「イスラム国」の台頭とそのイラク、シリアでの支配地域の拡大に対し、当初オバマ米大統領は不介入の姿勢を示した。だが6月になって「300人以下の軍事顧問をイラクに派遣」と発表し、8月にはイラク領内の「イスラム国」拠点に航空攻撃を開始、9月にはシリア領内の「イスラム国」拠点への航空攻撃、軍事行動を拡大せざるをえなくなった。10月にはついに「地上部隊を出すか否か」が米国内で議論の焦点となった。戦いは一度始まると、国の指導者には不本意でも、エスカレートしがちなことを歴然と示す例だ。日本が集団的自衛権行使で自衛隊を海外に派遣するか否かや、尖閣諸島での日中対立を考える際にもこれを「他山の石」とし、常にエスカレーションの危険性を勘定に入れる必要があることを我々に示している。
かつてCIAがISISに武器供与
2011年に始まったシリア内戦で、米国はトルコ、サウジアラビア、カタールなどイスラム・スンニ派諸国と共に、シリアのアサド政権打倒を目指し、反政府軍を支援してきた。当初はシリア軍から離反したスンニ派将兵が主体の「自由シリア軍」に援助をしたが、これは住民の支持が低くて士気も振るわず弱体化し、反政府勢力の主力はアルカイダに属する「ヌスラ戦線」や、あまりの残虐、悪辣な行動が一因でアルカイダから破門された「イラク・シリアのイスラム国」(ISIS)などイスラム過激派武装集団に移った。外国から供与された資金、武器、車輌もそれに流れることが多く、米中央情報局(CIA)がISISに武器を供与し、ヨルダンで訓練している、との報道も米英で出た。
米国の予想に反し、アサド政権は倒れず、主要都市を次々と奪回し平定を進めた。
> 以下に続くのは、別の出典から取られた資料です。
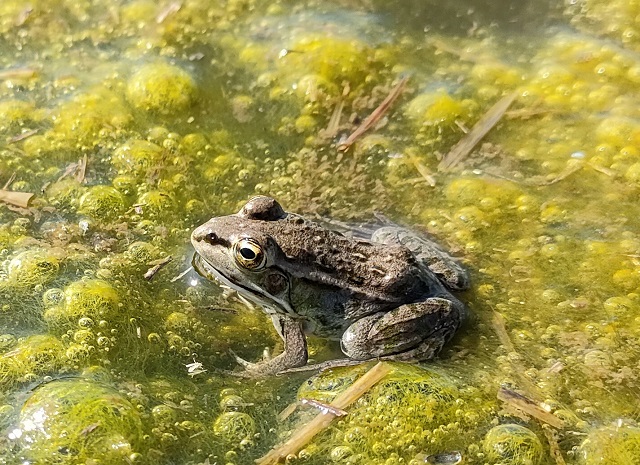 トウキョウダルマガエル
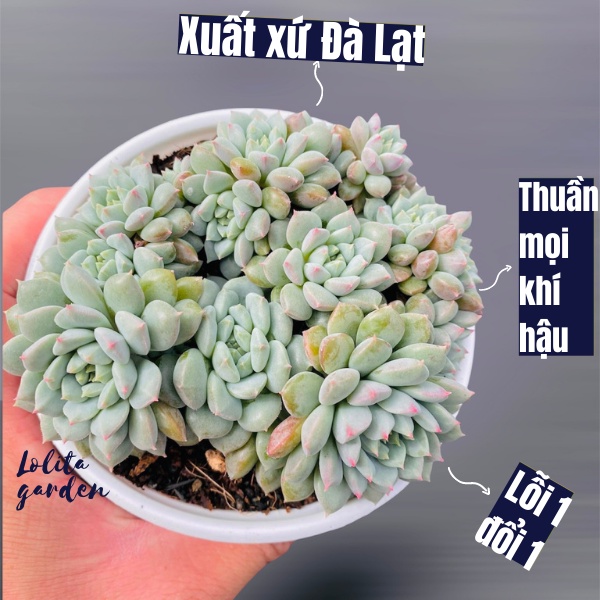 Sen đá dù xanh bụi Đà Lạt size trung bình cây cảnh trang trí nhà cửa Lolita garden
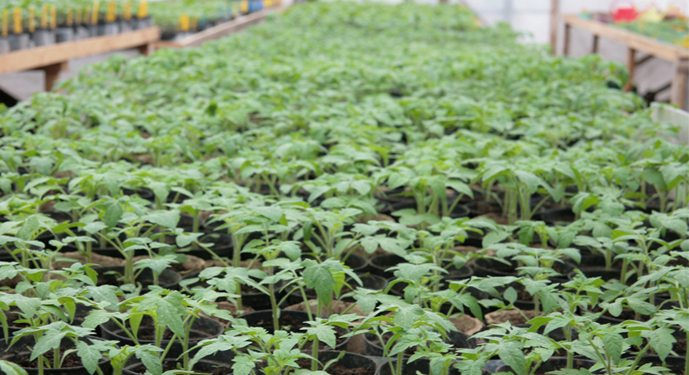 Розсаду томатів для півдня вирощують цього року на Полтавщині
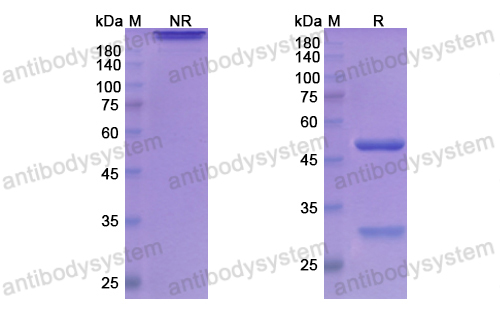 阿替奴單抗,Research Grade Atinumab  (DHK06702)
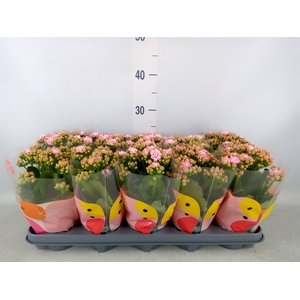 Kalanchoe  'MoreFlow Lillian'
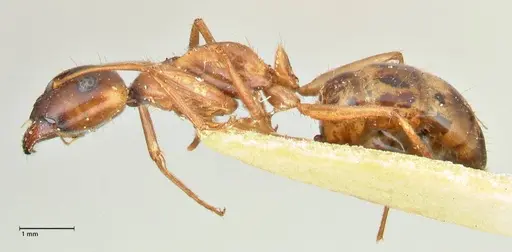 Camponotus fedtschenkoi specimen FOCOL2413 image focol2413_3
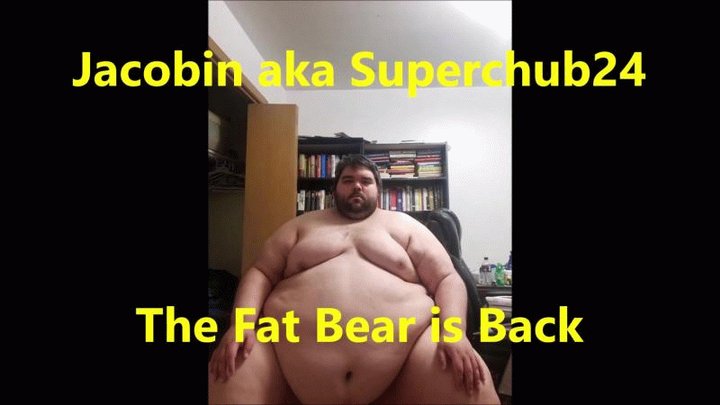 Jacobin aka Superchub24 The Fat Bear is Back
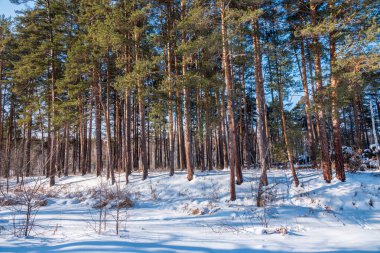 Çam ve parlak güneşli bir kış ormandaki huş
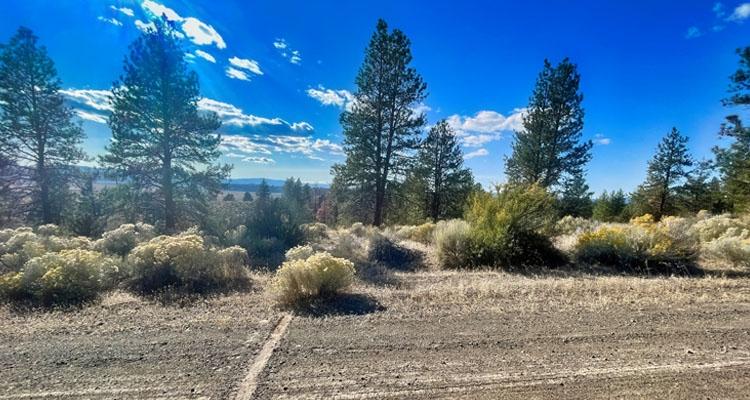 1.5 Acres for Sale in BEATTY, Oregon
「自由シリア軍」は弱体化し、「ヌスラ戦線」はアルカイダ系、クルド人はシリア政府に懐柔されたから、CIAなどがシリアで支援する相手としては「反アルカイダ」のISISしかなかったのだろう。
これで戦力を強め、戦闘経験を積んだISISは砂漠が広がるシリア東部のユーフラテス川沿いの地域やトルコとの国境地帯を支配し、昨年12月30日からイラクに侵攻、1月8日に首都バグダッドの西約50キロのファルージャ(人口32万人)を占拠した。だが、この時には米国政府はほとんど関心を示さず、メディアでも注目されなかった。米軍はすでに2011年12月にイラクから撤退を完了しており、失敗したイラクのことは考えたくもなかったろうし、ISISをなかば味方のように見ていたのだ。
ところがISISは6月6日、イラク北部で大攻勢に出てイラク政府軍2万人以上を潰走させ大量の重装備を捕獲、9日に油田地帯の中心地モスル(人口66万人)を占拠、急速に南下して11日にはバグダッドの北約150キロのティクリートを制圧した。ISISは首都に西と北から迫る形勢となっただけでなく、米国石油企業が進出しているイラク北部のクルド人地域の油田地帯を脅かすことになったため、米国では俄かに関心が高まった。
不介入から空爆までの経緯
だがオバマ大統領は6月13日にこの問題に対し初めて出した声明で「地上戦闘部隊は派遣しない。航空攻撃を含む選択肢を検討する」としたが、同19日の記者会見では航空攻撃も見送り、「最大約300人の軍事顧問を送る」と発表、「米軍は1つの宗派を支援するために軍事行動をとることはない」と事実上の不介入宣言を行った。軍事介入はしないのだから、「軍事顧問」も状況把握のための派遣の性格が濃かった。